Even with an 11-year budget that was less than a single day on a Hollywood film set, we eventually did it. We’re currently releasing that documentary which is called The Invisible Class. And it’s being embraced by the homeless community. Following the footsteps of a few filmmakers much smarter than myself, I wanted the film to be more than just a documentary. I wanted screenings of it to help empower homeless organizations by gaining them volunteers and donations, to get food, clothing, and hygiene kit donations, for schools to screen for students and create “Days of Action” and things of that nature.
The Invisible Class – Theatrical Trailer from Upstart Media on Vimeo.

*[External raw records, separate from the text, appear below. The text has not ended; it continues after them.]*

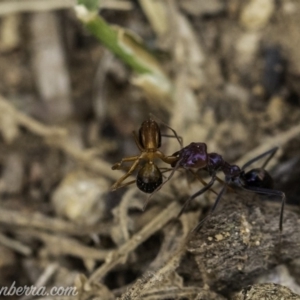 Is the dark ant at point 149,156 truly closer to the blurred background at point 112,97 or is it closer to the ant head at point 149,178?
the ant head at point 149,178

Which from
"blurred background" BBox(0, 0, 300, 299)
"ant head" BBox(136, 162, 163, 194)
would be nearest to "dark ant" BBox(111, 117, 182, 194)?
"ant head" BBox(136, 162, 163, 194)

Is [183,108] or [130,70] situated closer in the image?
[183,108]

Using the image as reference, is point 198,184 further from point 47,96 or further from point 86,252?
point 47,96

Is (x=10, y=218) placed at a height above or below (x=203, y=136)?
below

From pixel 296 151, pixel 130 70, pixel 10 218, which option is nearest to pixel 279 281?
pixel 296 151

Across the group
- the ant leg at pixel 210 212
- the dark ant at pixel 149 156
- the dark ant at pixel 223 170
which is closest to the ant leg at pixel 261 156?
the dark ant at pixel 223 170

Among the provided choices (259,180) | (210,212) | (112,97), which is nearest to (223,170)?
(259,180)

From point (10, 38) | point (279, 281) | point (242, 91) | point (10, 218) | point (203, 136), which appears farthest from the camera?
point (10, 38) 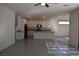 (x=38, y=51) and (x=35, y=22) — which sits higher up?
(x=35, y=22)

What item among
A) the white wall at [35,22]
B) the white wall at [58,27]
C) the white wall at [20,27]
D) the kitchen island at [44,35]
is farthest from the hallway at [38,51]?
the white wall at [35,22]

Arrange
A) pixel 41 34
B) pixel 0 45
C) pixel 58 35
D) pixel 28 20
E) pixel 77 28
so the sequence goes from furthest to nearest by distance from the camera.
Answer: pixel 28 20 < pixel 58 35 < pixel 41 34 < pixel 77 28 < pixel 0 45

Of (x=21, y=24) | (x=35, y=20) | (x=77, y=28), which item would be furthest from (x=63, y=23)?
(x=77, y=28)

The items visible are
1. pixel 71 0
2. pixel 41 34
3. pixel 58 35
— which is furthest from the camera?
pixel 58 35

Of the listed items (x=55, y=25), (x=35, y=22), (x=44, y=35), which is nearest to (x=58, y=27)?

Along the way of working on the film, and the better I got in the medium of filming/editing. I began doing pro bono film projects for struggling nonprofits, or just nonprofits that were absolutely amazing/inspiring. It was wonderful to work and being the smallest help in their fantastic missions has been humbling and exciting. So I started the Visual Anarchy to combine the two. One to create a Poverty Education Campaign with the film as a major component, and two to begin offering free video services more often to nonprofits and community groups in need. The hope is to scale the number of organizations we can help. We also began to offer free video production training as well, to train people who wanted to learn video production but didn’t have the means. I’d like to create a lending library of production gear as well for people who can’t afford their own but want to create their own media. And we do a few other things.
Much more succinctly put: a belief in journalistic integrity, searching for answers, and the power of video to help the marginalized & those who have had a fair chance taken from them, inspired me to create Visual Anarchy.